Entries supplied:
━━━━

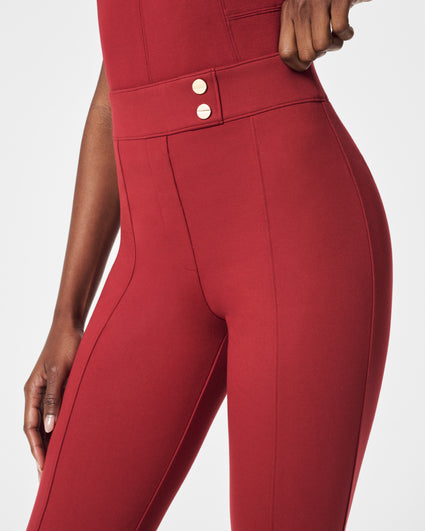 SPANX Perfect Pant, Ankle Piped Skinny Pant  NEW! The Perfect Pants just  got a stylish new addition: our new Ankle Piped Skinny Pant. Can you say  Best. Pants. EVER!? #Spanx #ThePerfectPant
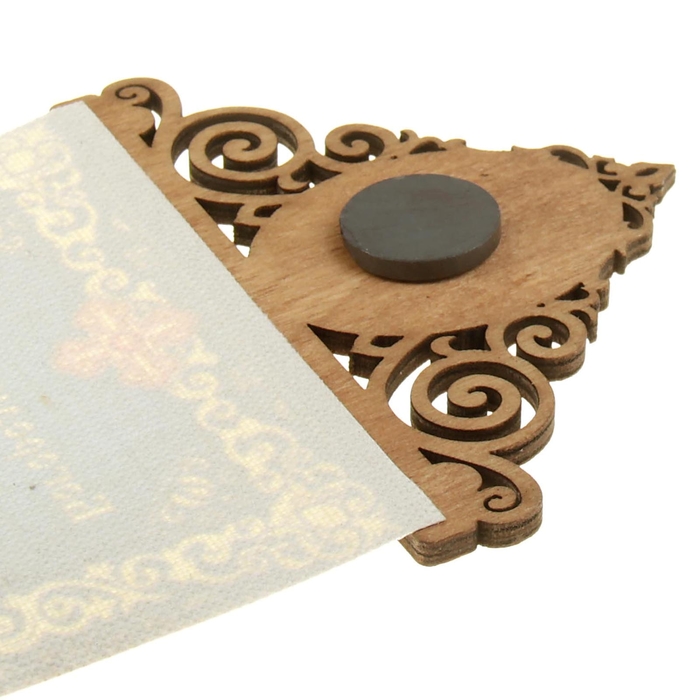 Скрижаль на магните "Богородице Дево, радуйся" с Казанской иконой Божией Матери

━━━━

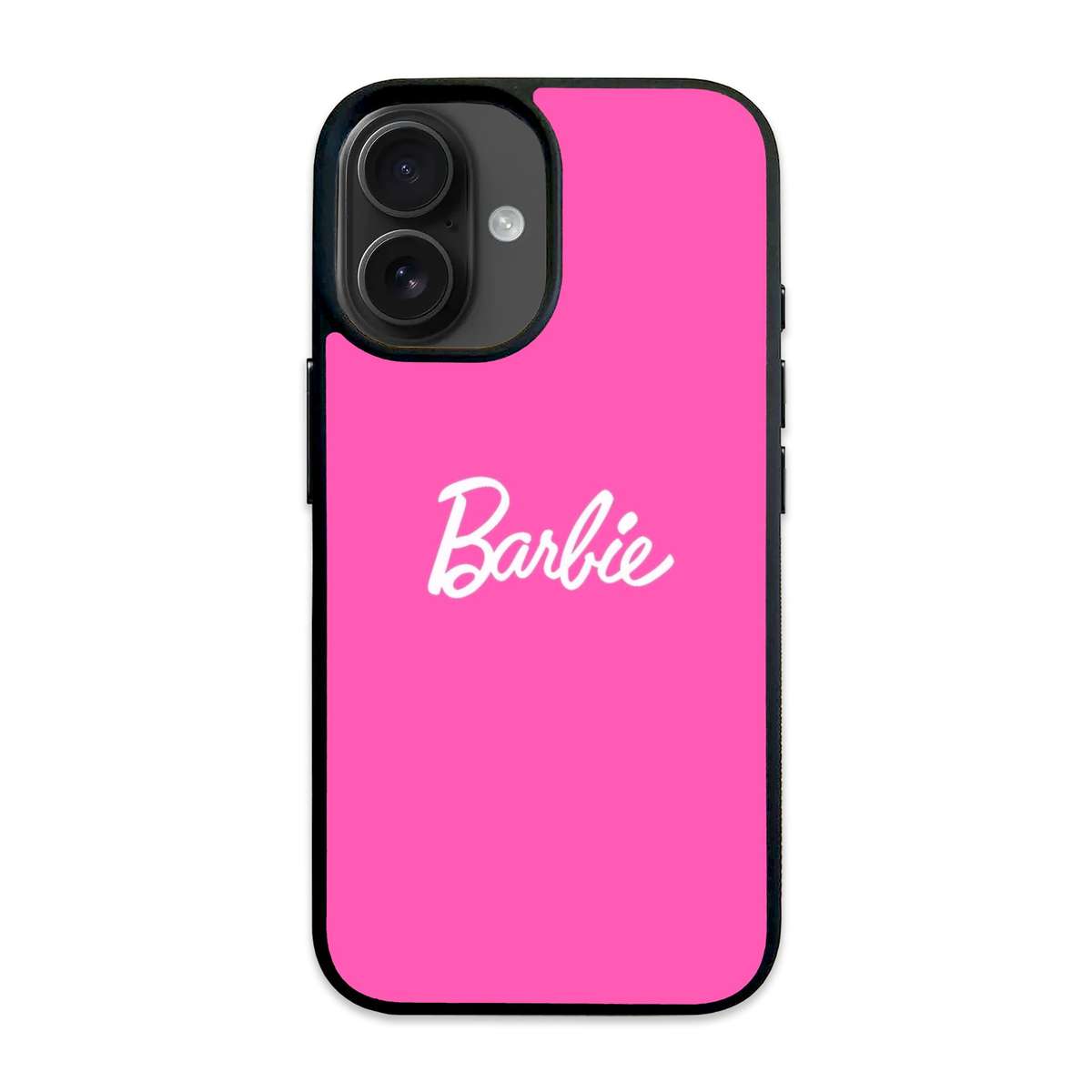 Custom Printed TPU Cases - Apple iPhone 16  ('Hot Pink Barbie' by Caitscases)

━━━━

Task requirements: Output exactly the lines of the listing above that start with the one holding "SPANX Perfect Pant, Ankle" and go on through the one holding "Скрижаль на магните"; leave the pictures out.

Answer below:
 SPANX Perfect Pant, Ankle Piped Skinny Pant  NEW! The Perfect Pants just  got a stylish new addition: our new Ankle Piped Skinny Pant. Can you say  Best. Pants. EVER!? #Spanx #ThePerfectPant
 Скрижаль на магните "Богородице Дево, радуйся" с Казанской иконой Божией Матери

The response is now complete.